Perhaps it is a very good thing that the Northern Michigan matter is gaining some traction during Holy Week. I want to concentrate on two issues which center around just how the Church with a capital “C” has regarded just what happened on that “green hill far way.” Or rather I want to focus on two misunderstandings surrounding our doctrine of the Cross.

I was informed the other day that a parishioner, or parishioners were troubled that my preaching of late has been “negative”. No I do not ever preach about the conflicts in TEC. I’ve been concentrating on just what was happening as God acted in Christ reconciling the world unto Himself, a natural Lenten theme.

American folk religion is wonderfully sentimental. I judge that this sentimentality has two causes. It is a reaction to fundamentalism. It wants to embrace everyone. Neither motive is unholy. There’s a “racism” deep in the psyche of popular fundamentalism. By “racism” I mean a desire to identify people who are “not as I am.” It feels good to discover that one is on the Lord’s side if there are a host of people, from whom I may separate myself, and judge as being hell-bent. There’s a perversion of the Gospel which wants to say that God in Christ only loves the saved and that the “saved” have no need to love “sinners”.  This religion wants to teach that God the Father broke up the Trinity for a moment, as he condemned his Son to a frightful death in order to pluck a few from the jaws of hell.
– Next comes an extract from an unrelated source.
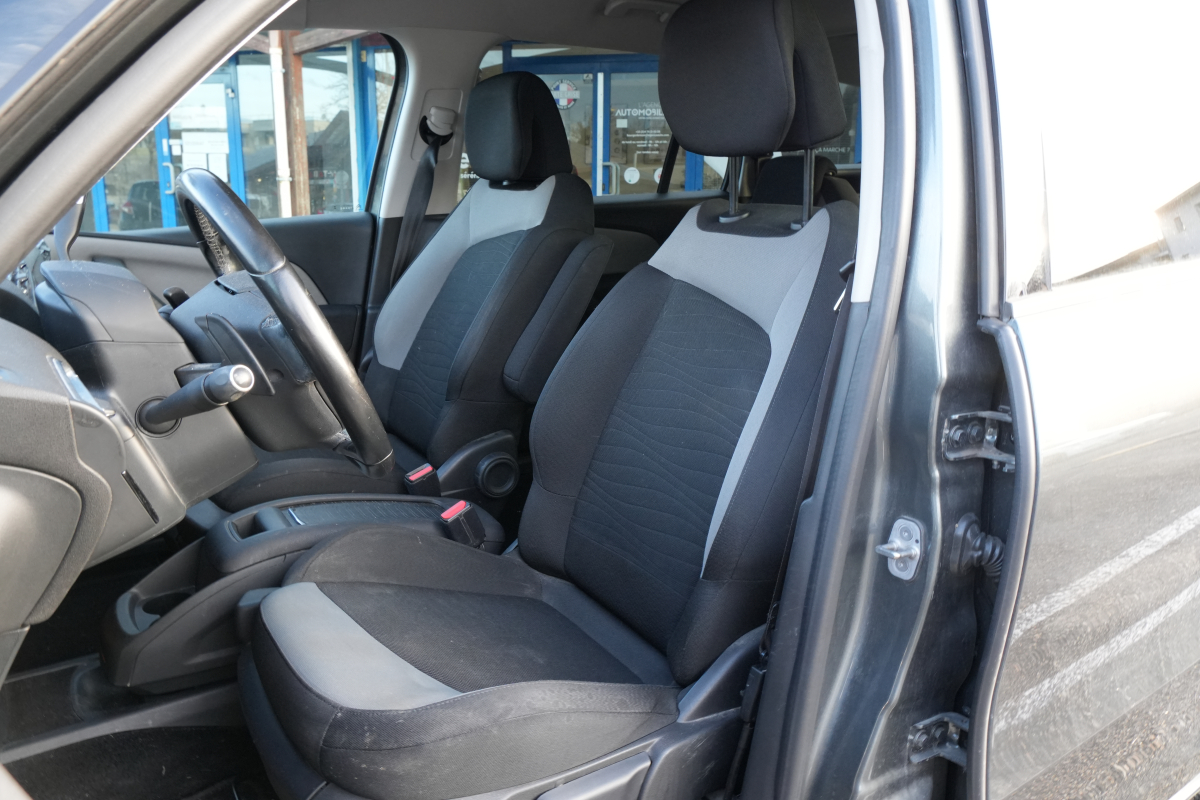 Citroen Grand C4 Picasso — 14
Those who have escaped from such a religion turn this perversion of the Gospel on its head and adopt a version of Calvary which concentrates on Jesus the good man, showing an example of self-sacrificing love, demonstrating the errors of “fundamentalist” religion and raw political power, to enable us all to follow that example and claim the love of God for everyone.

And if Jesus is supremely a Good Man, adopted, as it were by God, then surely God has acted through other good people, and that therefore one should not make any particular claims for Christ. He is surely reflected in the lives of those revered in all religions and in none?  After all do not particular claims for the uniqueness of Christ lead to to bigotry and the use of religion to justify intolerance:intolerance against other religions and intolerance towards people whose lifestyles or beliefs challenge our own?

No the delicate possibility in all this is that the motive may be good, and the reflections about just how people may use faith as a blugeon to bash other people to the ground is also true.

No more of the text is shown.